Arrivederci
Vi ho raccontato la storia dei miei cambiamenti: è stato come se ci fossimo seduti ancora una volta sulla spalletta di mattoni rossi all'ombra delle piante "pirelle", oltre il navazzone; o sul vecchio muro delle acacie, davanti al cortile dell'Abissinia. Anche voi mi avete narrato le vostre avventure, le vostre esperienze, quella strana mescolanza di doti, di speranze, di occasioni che, in fondo, è la vita.Forse non sono cambiato in una cosa sola, nell'amore verso il nostro paese e nell'affetto inimputabile, cioè senza mia colpa, per voi e la vostra gente. Arrivederci
Mario Zambarbieri
San Fiorano, Ottobre 2007
E' la commovente conclusione dell'ultima di ventuno "Lettere milanesi" del Prof. Mario Zambarbieri, illustre grecista e latinista, studioso e profondo conoscitore di Omero e dei classici, lettere pubblicate sul mensile Comunità Sanfioranese nel corso degli ultimi 3 anni. Lettere nelle quali ha raccontato e ricordato, come solo lui sapeva fare, 40 anni di vita, sua e del suo paese natale, San Fiorano, attraverso vividi e toccanti ricordi, sullo sfondo degli avvenimenti cruciali che hanno caratterizzato la storia italiana del ventennio, della II guerra e dell'immediato dopoguerra. E' lo struggente suggello del grande amore, immutabile ed inossidabile nel tempo, di questo illustre sanfioranese per la sua terra e per i suoi conterranei.
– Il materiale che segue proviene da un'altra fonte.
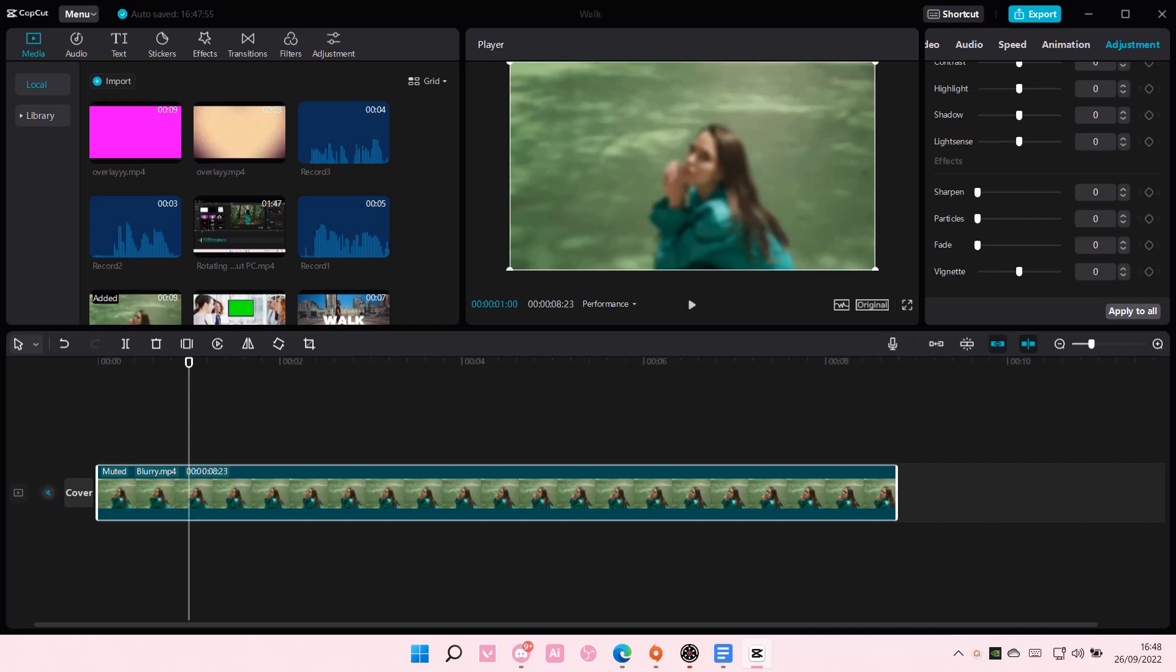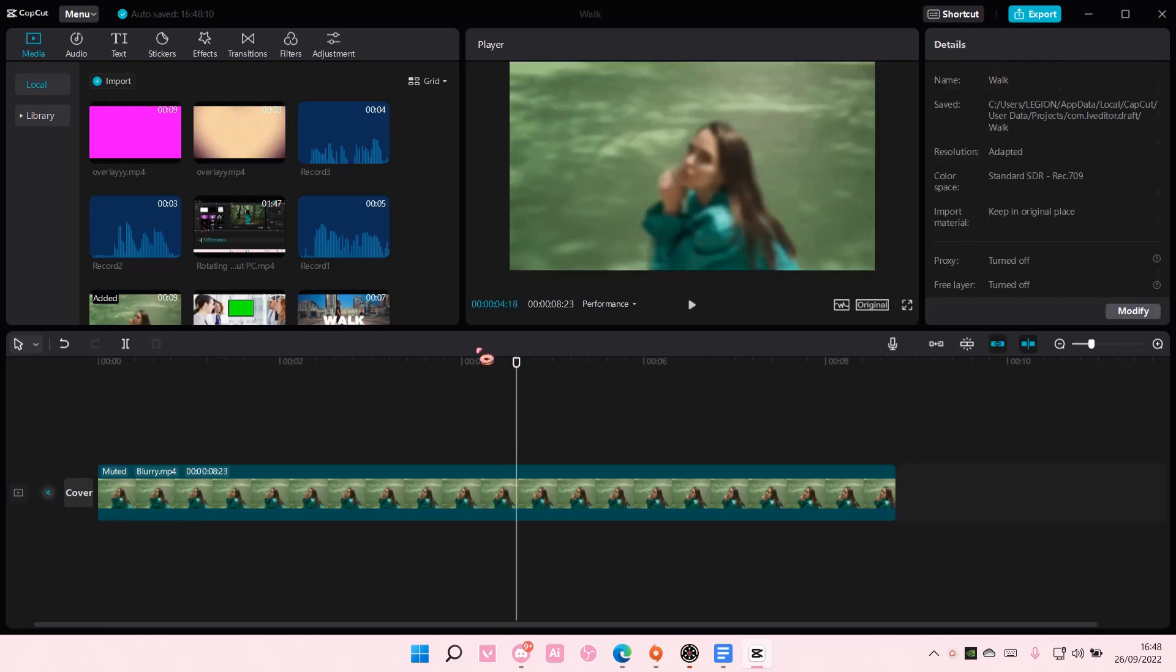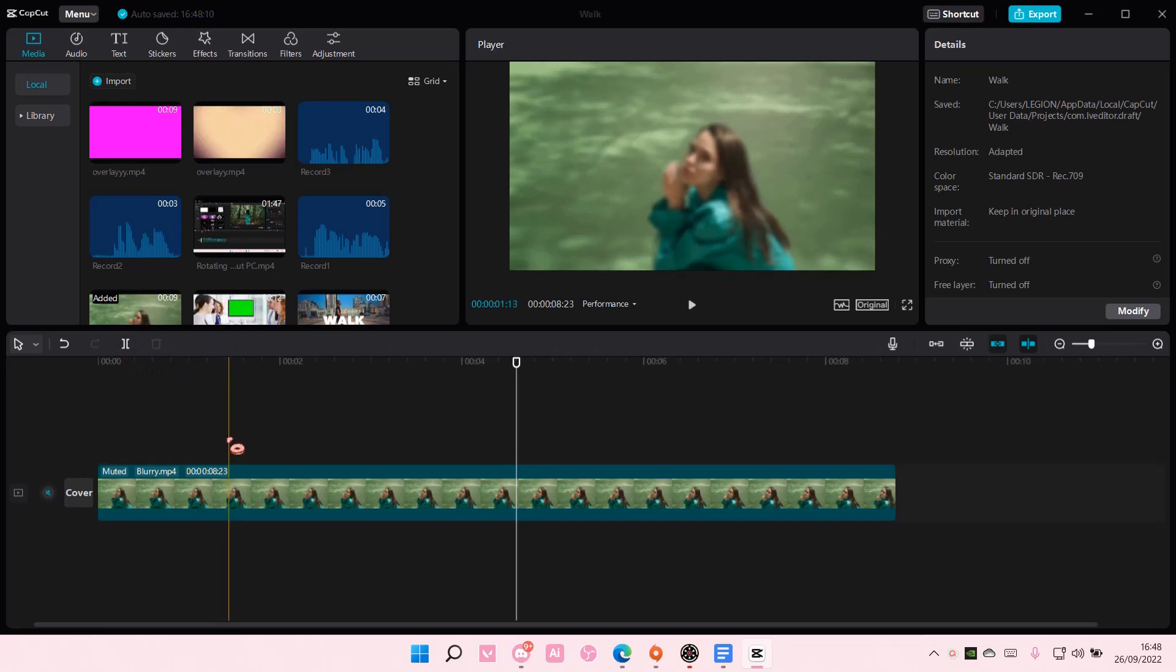Hey guys and welcome back to this channel. In this video I'll be showing you guys an easy way to sort of split videos on CapCut PC. So the first way is a little bit, it takes longer than the other way.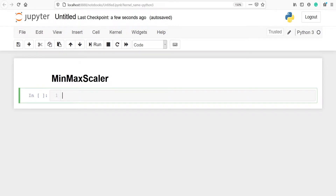In this video we will learn about MinMaxScaler. It is a standardization process in which the feature values lie between 0 and 1.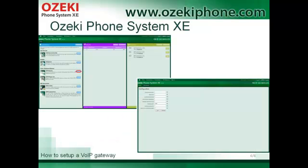In these pictures you can see where you need to click to configure a PSTN line. In the left picture you can see the home screen of the phone system. If you would like to add a PSTN line, you need to click on the Install button of the PSTN device. In the right picture you can see the configuration page of the PSTN device.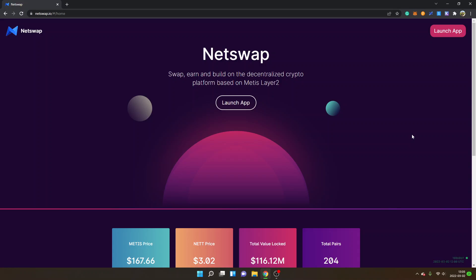Hey and welcome to this video. My name is Johannes and in this video I'm going to show you how to add Metis Andromeda network to Metamask. I will show you the easiest way to add the Metis network to Metamask and that is through launching an application.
Un arrivederci il suo che sa doppiamente di presagio, dopo la morte, che ha colto mai abbastanza preparati tutti coloro che gli hanno voluto bene, due giorni fa, venerdi 25 gennaio 2008; esattamente 53 anni dopo quella fredda mattina del 25 gennaio 1955 nella quale aveva lasciato per sempre San Fiorano, insieme alla moglie ed al figlio, per trasferirsi a vivere nella metropoli milanese.
Ciao zio Mario.
Un grazie dal profondo del cuore per il tuo affetto, per la tua saggezza e per i tuoi insegnamenti. Arrivederci.